2. BACKGROUND TO CREATION OF EMBODIMENT OF PRESENT DISCLOSURE
Next, before describing the embodiments of the present disclosure, the background to the creation of the embodiments of the present disclosure by the inventors of the present invention will be described.
With the miniaturization of the light-emitting element EL, the display apparatus 10 is required to reduce the layout size of the drive circuit in consideration of the withstand voltage and the characteristic variation range required for various transistors in the drive circuit of the pixel 20. However, there is a limit to reducing the size of the transistors included in the drive circuit while satisfying the desired withstand voltage, and thus there is also a limit to reducing the layout size of the moving circuit. In particular, when an OLED is used as the light-emitting element EL, a high voltage is applied to drive the OLED, and a high withstand voltage is required for the drive transistor Tr1, thus there is a limit to reducing the layout size of the drive transistor Tr1.
Thus, in view of such a situation, the inventors of the present disclosure have created the embodiments of the present disclosure described below. In the embodiments of the present disclosure, by configuring some transistors included in the drive circuit as thin film transistors (TFT) provided in a wiring layer stacked on a semiconductor substrate, a layout size of the drive circuit can be reduced, and eventually, the display apparatus 10 can be downsized.
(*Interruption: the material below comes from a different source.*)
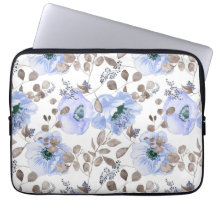 Chic Blue Watercolor Flowers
Hereinafter, details of such embodiments of the present disclosure will be described in order.
3. FIRST EMBODIMENT
3.1 Detailed Structure
First, a detailed structure of the pixel 20 according to a first embodiment of the present disclosure will be described with reference to FIGS. 3 and 4. FIG. 3 is a schematic diagram illustrating an example of a sectional configuration of the pixel 20 according to the present embodiment, and it specifically corresponds to a section formed when a stack structure of the pixel 20 is cut along a stacking direction. FIG. 4 is a schematic diagram illustrating an example of a planar configuration of the pixel 20 according to the present embodiment, and it specifically corresponds to a section formed when the pixel 20 is cut along each line segment (line A-A′, line B-B′, line C-C′, line D-D′, line E-E′, and line F-F′) illustrated in FIG. 3. The pixel 20 having the configuration illustrated in FIGS. 3 and 4 has the circuit configuration illustrated in FIG. 2 described above.
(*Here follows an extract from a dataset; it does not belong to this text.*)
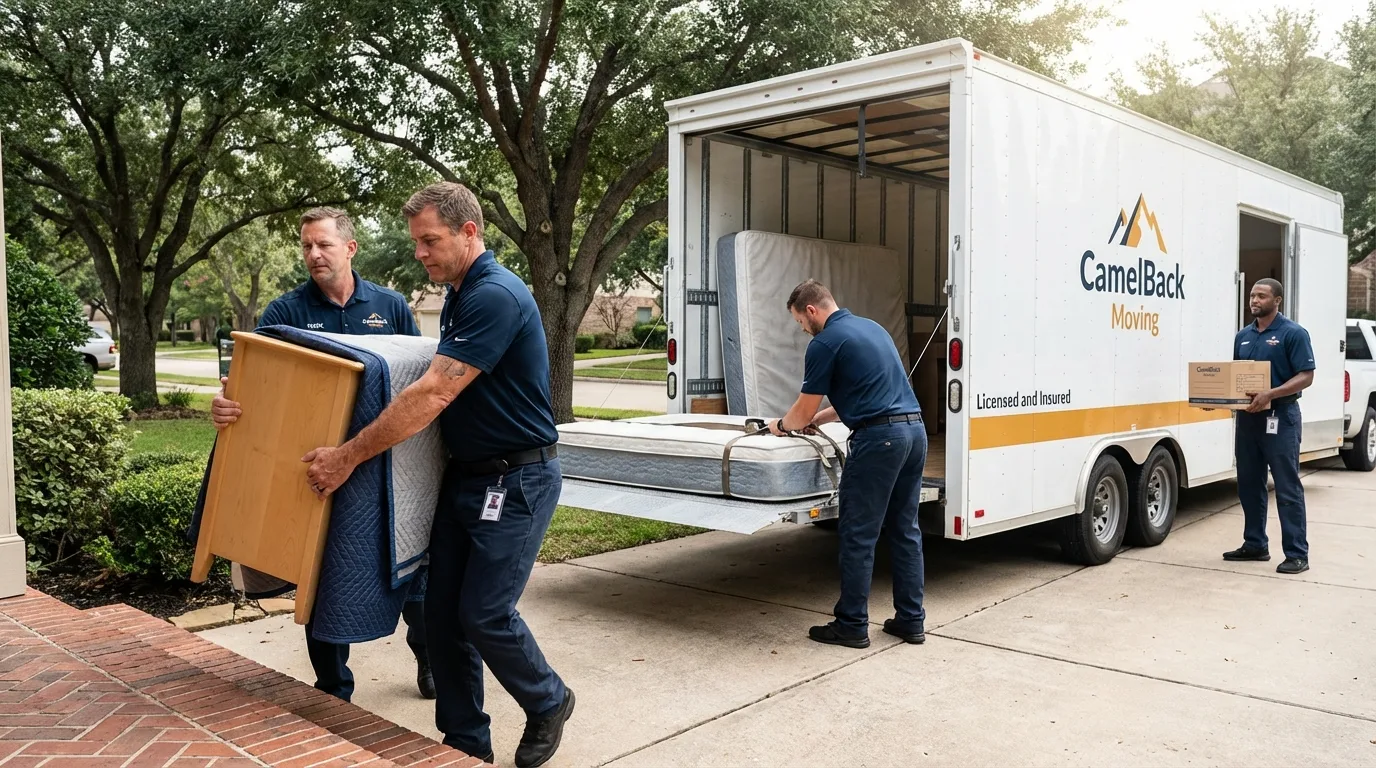 Crew loading residential truck for cross-state move from Malvern, IA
As illustrated in FIG. 3, the pixel 20 according to the present embodiment has a stack structure including a semiconductor substrate 100 made of, for example, n-type conductivity type silicon or the like, a wiring layer 200 stacked on the semiconductor substrate 100, and a light-emitting element EL provided on the wiring layer 200. As described above, the light-emitting element EL is a current-driven electro-optical element in which the light emission luminance changes according to the value of the current flowing through the device. In the present embodiment, the semiconductor substrate 100 and the wiring layer 200 include a drive circuit that drives the light-emitting element EL. Further, the wiring layer 200 includes an insulating film 202 (formed of a silicon oxide film (SiO2), a silicon nitride film (Si3N4), or the like, for example), a wiring line 204 (formed of a metal film of tungsten (W) or the like, for example), and a via 206 (formed of a metal film of tungsten or the like, for example) in addition to the elements described below.
As described with reference to FIG. 2, the drive circuit includes the drive transistor (current source transistor) Tr1, the write transistor (selection transistor) Tr2, and the capacitor C1. Hereinafter, a stack structure of the pixel 20 will be described, but description will be started from the semiconductor substrate 100 located on the bottom of FIG. 3.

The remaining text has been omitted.